◆ **Stored data**
········
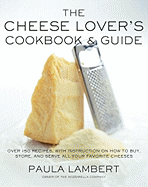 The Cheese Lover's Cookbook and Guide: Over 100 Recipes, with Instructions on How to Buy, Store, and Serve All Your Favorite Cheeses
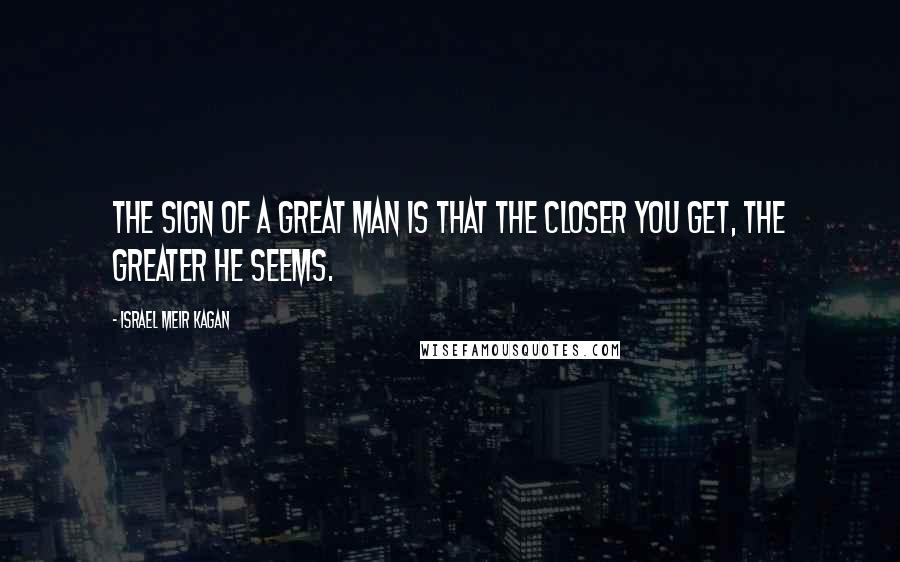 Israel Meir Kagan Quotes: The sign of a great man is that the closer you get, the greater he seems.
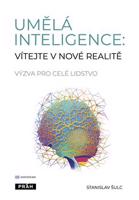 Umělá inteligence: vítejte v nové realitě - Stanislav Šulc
········
◆ **Requirement**
Your answer must be an exact copy of the lines above, from the line that contains "Israel Meir Kagan" through the final line, with no pictures in it.

◆ **Solution**
 Israel Meir Kagan Quotes: The sign of a great man is that the closer you get, the greater he seems.
 Umělá inteligence: vítejte v nové realitě - Stanislav Šulc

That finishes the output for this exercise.